━━━━━ Data in this exercise

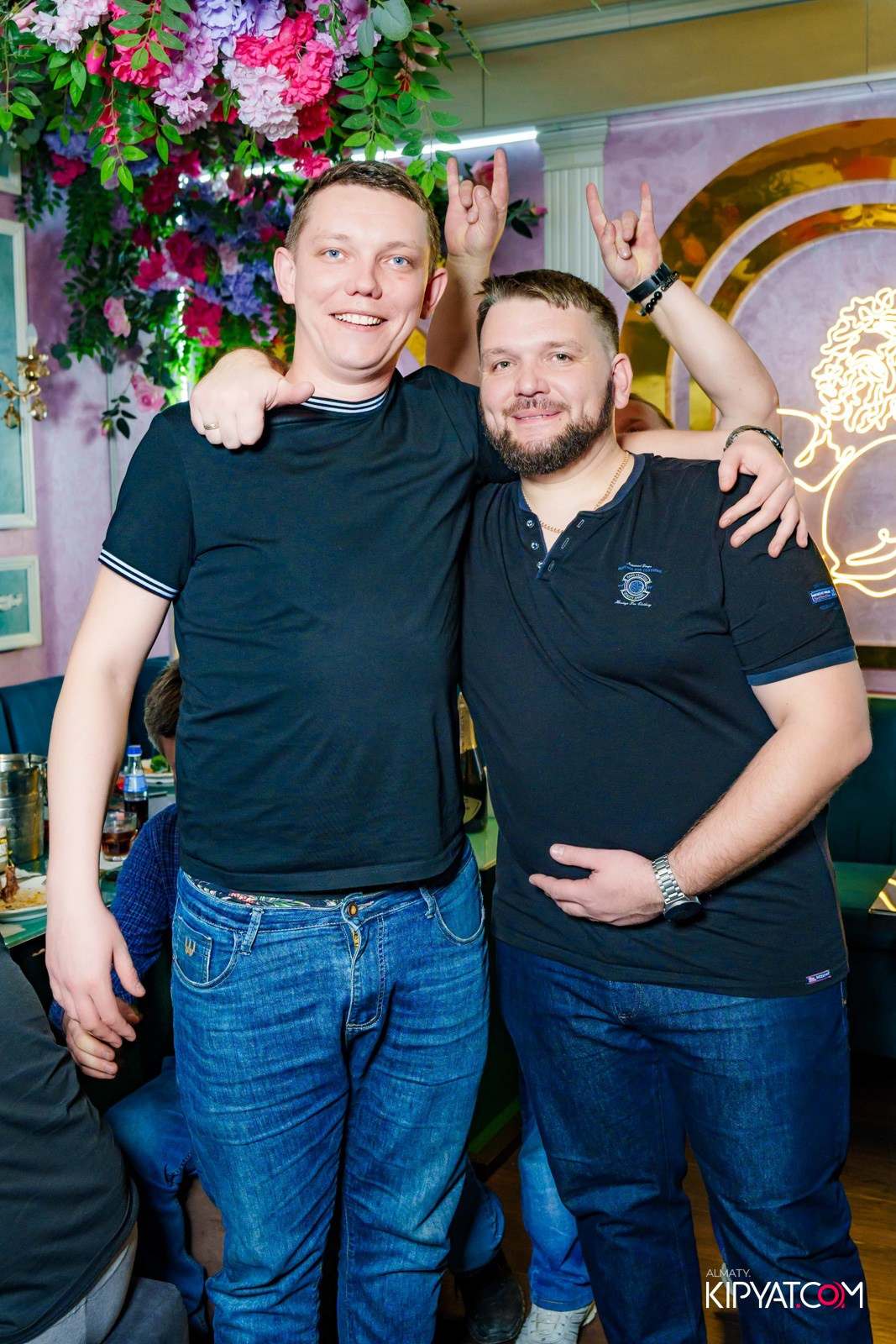 УХО И МЕДВЕДЬ НА САИНА. КИПЯТКОМ АЛМАТЫ!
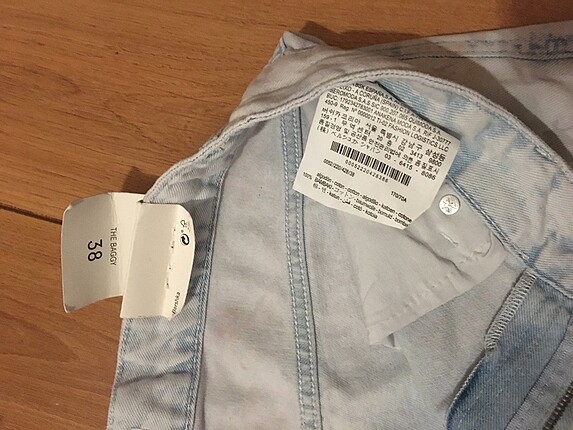 38 Beden Bershka kesikli çiçekli kot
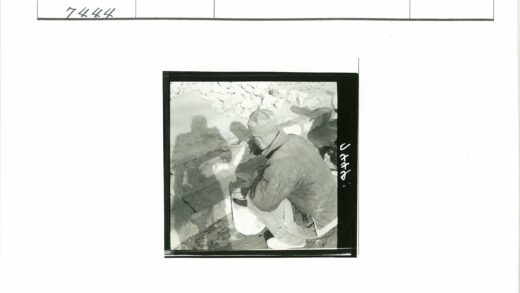 冬日提水人墙影双映.jpg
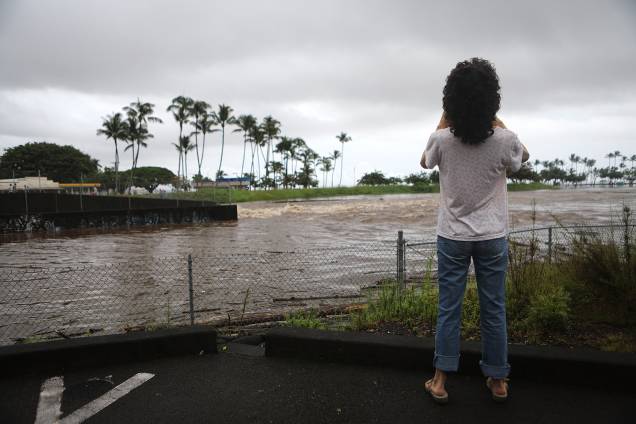 Mulher registra imagens de inundação, antes da passagem do furacão Lane em Hilo, no Havaí - 23/08/2018 Mulher registra imagens de inundação, antes da passagem do furacão Lane em Hilo, no Havaí - 23/08/2018
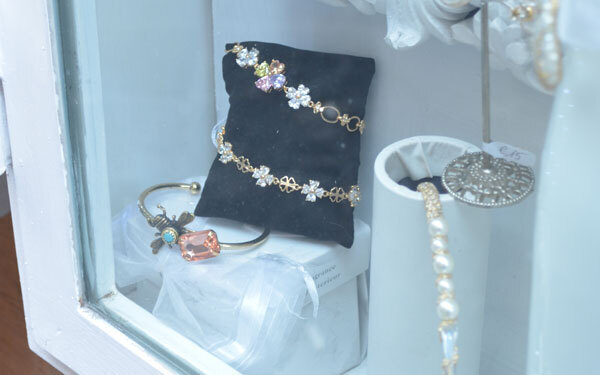 イタリア女性に大人気、女子力アップが期待できる「ブレスレット」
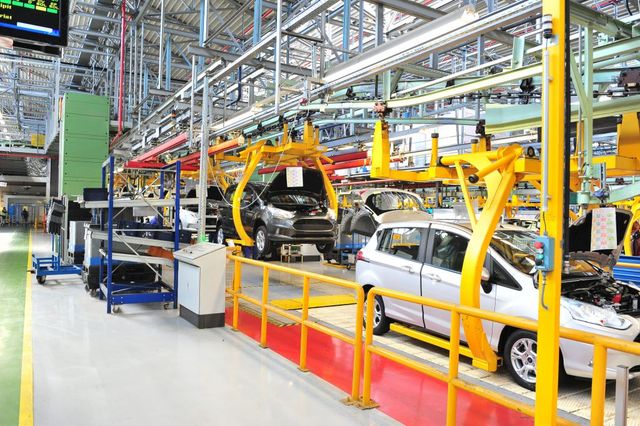 Fabrica Ford Craiova renunță la o parte din angajați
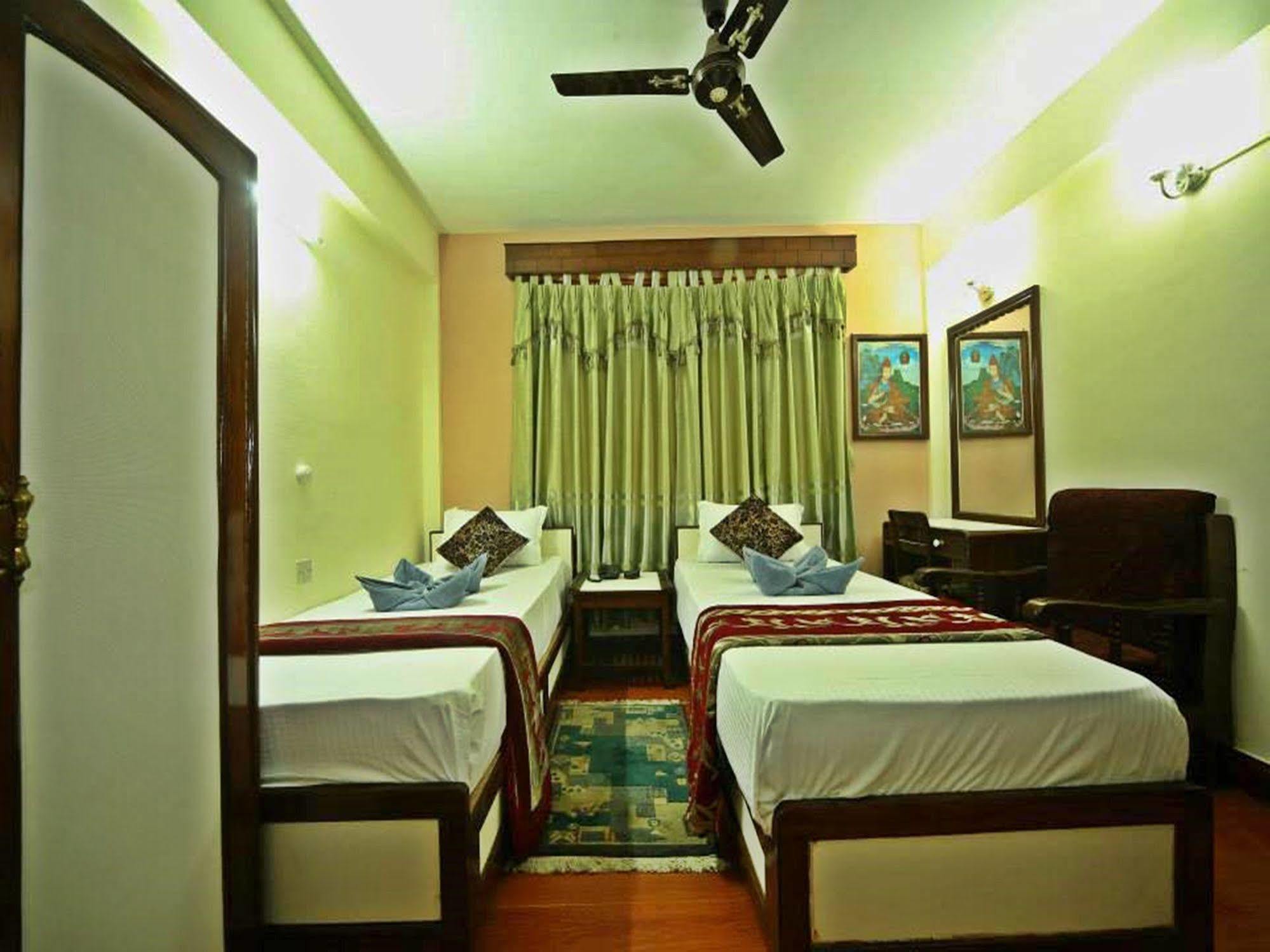 Hotel Pleasure Home Katmandu Kültér fotó
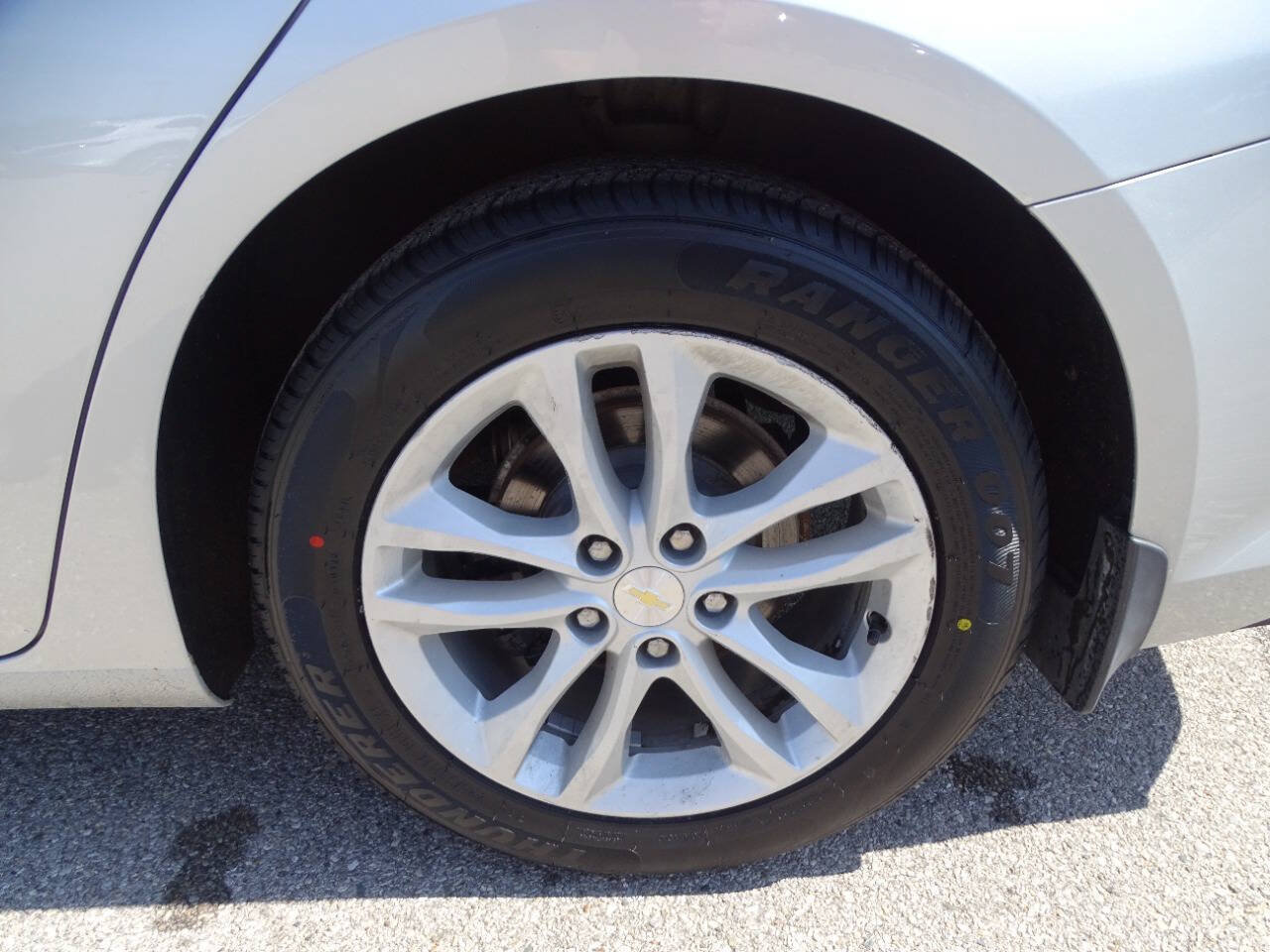 Used 2016 Chevrolet Malibu LT Sedan 4D FWD image 34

━━━━━━━━━━

To do:
Reproduce exactly, without any picture, the lines from the one bearing "Hotel Pleasure Home Katmandu Kültér fotó" to the last line of the records above.

Completed task:
 Hotel Pleasure Home Katmandu Kültér fotó
 Used 2016 Chevrolet Malibu LT Sedan 4D FWD image 34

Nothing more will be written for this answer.